*Prompt*. Return the run of lines below that opens with the line containing "Dörtgen Halka Küpe 7 cm-Sarı" and closes with the line containing "Captura de tela", keeping each one exact.

Records provided section start

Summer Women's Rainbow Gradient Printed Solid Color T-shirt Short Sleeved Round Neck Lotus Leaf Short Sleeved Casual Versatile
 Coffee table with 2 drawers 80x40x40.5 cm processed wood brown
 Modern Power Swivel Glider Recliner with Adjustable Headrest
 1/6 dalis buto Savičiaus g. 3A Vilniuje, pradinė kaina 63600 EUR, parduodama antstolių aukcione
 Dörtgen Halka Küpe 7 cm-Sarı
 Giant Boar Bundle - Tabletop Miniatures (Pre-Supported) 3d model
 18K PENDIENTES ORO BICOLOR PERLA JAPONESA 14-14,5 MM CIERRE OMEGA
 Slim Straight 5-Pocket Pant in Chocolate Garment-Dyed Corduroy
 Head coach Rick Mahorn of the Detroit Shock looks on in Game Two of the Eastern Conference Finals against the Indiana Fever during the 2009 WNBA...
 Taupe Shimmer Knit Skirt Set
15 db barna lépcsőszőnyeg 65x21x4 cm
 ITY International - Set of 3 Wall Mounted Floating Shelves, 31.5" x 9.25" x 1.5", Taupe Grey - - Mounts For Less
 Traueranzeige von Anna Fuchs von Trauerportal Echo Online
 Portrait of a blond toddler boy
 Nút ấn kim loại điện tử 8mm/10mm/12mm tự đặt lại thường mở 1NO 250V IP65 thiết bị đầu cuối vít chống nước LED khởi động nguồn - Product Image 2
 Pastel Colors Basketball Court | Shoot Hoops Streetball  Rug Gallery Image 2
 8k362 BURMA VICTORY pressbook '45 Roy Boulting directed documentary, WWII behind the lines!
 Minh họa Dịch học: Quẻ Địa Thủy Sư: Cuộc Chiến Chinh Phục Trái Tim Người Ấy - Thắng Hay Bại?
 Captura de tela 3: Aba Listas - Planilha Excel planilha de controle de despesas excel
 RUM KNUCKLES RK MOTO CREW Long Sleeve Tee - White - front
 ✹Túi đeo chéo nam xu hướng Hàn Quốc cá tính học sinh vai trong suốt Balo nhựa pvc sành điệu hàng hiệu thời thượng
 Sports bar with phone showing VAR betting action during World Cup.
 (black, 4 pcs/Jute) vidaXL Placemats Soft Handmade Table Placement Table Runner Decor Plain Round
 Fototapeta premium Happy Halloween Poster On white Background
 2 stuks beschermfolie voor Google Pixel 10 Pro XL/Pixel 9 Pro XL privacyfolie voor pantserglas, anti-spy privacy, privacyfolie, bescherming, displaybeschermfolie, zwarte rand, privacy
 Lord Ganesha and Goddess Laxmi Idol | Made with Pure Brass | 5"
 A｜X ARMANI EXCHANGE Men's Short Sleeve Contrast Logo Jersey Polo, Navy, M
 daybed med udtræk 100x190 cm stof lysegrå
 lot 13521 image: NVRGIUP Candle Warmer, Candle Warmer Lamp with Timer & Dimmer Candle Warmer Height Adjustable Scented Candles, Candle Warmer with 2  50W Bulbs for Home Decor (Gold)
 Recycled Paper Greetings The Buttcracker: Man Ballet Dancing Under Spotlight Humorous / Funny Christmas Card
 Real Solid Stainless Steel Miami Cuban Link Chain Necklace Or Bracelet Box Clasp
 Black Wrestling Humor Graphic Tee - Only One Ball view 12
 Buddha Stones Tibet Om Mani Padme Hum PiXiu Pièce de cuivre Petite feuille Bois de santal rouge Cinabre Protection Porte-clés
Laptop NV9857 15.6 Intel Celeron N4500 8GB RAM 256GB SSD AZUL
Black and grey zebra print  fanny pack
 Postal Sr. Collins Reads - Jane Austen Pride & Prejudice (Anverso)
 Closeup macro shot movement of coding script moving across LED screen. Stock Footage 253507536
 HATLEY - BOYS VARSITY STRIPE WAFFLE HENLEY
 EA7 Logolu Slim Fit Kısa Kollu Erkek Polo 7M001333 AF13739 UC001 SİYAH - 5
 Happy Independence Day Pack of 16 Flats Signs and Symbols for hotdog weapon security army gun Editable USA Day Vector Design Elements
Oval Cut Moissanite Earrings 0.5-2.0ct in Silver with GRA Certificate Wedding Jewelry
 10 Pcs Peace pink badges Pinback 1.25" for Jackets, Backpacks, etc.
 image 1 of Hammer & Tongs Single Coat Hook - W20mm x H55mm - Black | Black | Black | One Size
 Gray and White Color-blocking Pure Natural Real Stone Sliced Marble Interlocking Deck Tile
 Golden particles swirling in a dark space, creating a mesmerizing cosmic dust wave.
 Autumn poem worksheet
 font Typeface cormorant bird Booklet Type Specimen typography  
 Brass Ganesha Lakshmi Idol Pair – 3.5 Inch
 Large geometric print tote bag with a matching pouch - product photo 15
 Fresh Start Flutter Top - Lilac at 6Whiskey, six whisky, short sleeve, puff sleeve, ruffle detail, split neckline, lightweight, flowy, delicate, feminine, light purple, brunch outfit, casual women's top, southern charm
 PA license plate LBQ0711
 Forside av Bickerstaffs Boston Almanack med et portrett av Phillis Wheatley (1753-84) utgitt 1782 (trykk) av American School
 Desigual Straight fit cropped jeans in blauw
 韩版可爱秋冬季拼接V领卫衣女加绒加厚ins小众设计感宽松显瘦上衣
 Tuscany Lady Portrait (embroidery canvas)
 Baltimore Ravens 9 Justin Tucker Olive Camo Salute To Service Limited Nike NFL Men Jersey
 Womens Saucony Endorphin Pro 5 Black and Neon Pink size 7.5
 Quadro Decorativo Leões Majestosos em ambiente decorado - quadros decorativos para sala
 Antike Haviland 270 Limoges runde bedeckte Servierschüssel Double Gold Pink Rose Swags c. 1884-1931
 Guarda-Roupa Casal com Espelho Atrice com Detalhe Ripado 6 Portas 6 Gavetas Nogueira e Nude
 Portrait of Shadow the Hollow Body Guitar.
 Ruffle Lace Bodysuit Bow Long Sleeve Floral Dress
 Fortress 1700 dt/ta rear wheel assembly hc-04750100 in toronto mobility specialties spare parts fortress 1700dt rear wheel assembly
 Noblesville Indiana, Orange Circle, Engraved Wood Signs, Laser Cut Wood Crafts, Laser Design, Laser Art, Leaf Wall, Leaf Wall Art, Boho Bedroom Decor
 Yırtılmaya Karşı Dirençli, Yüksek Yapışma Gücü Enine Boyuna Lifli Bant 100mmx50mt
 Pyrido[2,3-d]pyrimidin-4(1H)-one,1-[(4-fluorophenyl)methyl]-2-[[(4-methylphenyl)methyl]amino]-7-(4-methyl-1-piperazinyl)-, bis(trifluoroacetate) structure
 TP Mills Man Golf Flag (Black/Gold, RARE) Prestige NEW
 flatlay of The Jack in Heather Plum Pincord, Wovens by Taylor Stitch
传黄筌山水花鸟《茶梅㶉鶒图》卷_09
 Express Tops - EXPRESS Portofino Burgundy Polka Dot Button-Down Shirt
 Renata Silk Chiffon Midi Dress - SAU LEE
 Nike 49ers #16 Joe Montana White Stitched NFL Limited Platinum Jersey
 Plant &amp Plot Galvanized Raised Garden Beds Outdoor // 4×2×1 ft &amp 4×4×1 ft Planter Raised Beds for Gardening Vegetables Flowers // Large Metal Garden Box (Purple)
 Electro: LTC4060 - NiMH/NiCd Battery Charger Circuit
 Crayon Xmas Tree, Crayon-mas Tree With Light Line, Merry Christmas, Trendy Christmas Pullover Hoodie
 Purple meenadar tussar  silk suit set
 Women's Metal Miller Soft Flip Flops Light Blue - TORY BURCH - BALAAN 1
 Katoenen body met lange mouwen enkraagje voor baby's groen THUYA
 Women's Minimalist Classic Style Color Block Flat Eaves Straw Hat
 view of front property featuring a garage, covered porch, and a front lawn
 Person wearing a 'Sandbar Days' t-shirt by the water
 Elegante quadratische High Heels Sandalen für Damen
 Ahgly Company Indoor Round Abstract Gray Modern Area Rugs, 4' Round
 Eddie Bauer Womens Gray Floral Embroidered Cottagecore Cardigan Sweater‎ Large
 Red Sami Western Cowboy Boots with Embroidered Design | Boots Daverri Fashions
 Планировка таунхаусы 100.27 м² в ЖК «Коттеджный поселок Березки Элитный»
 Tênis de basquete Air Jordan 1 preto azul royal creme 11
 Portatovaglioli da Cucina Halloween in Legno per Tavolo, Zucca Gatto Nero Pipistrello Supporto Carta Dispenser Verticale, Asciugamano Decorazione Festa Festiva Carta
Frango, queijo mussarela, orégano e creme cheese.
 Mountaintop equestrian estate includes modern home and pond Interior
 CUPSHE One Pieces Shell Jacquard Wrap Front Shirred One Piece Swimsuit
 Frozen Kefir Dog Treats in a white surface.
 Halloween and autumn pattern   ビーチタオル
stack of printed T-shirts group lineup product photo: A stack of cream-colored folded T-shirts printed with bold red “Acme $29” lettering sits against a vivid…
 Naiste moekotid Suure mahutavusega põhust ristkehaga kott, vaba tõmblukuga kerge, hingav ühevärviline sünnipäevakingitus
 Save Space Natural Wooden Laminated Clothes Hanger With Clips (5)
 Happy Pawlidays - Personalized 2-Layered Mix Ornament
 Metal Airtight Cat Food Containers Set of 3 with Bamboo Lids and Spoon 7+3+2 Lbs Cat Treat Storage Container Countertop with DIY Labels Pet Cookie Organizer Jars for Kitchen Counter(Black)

Records provided section end

*Your response*.
 Dörtgen Halka Küpe 7 cm-Sarı
 Giant Boar Bundle - Tabletop Miniatures (Pre-Supported) 3d model
 18K PENDIENTES ORO BICOLOR PERLA JAPONESA 14-14,5 MM CIERRE OMEGA
 Slim Straight 5-Pocket Pant in Chocolate Garment-Dyed Corduroy
 Head coach Rick Mahorn of the Detroit Shock looks on in Game Two of the Eastern Conference Finals against the Indiana Fever during the 2009 WNBA...
 Taupe Shimmer Knit Skirt Set
15 db barna lépcsőszőnyeg 65x21x4 cm
 ITY International - Set of 3 Wall Mounted Floating Shelves, 31.5" x 9.25" x 1.5", Taupe Grey - - Mounts For Less
 Traueranzeige von Anna Fuchs von Trauerportal Echo Online
 Portrait of a blond toddler boy
 Nút ấn kim loại điện tử 8mm/10mm/12mm tự đặt lại thường mở 1NO 250V IP65 thiết bị đầu cuối vít chống nước LED khởi động nguồn - Product Image 2
 Pastel Colors Basketball Court | Shoot Hoops Streetball  Rug Gallery Image 2
 8k362 BURMA VICTORY pressbook '45 Roy Boulting directed documentary, WWII behind the lines!
 Minh họa Dịch học: Quẻ Địa Thủy Sư: Cuộc Chiến Chinh Phục Trái Tim Người Ấy - Thắng Hay Bại?
 Captura de tela 3: Aba Listas - Planilha Excel planilha de controle de despesas excel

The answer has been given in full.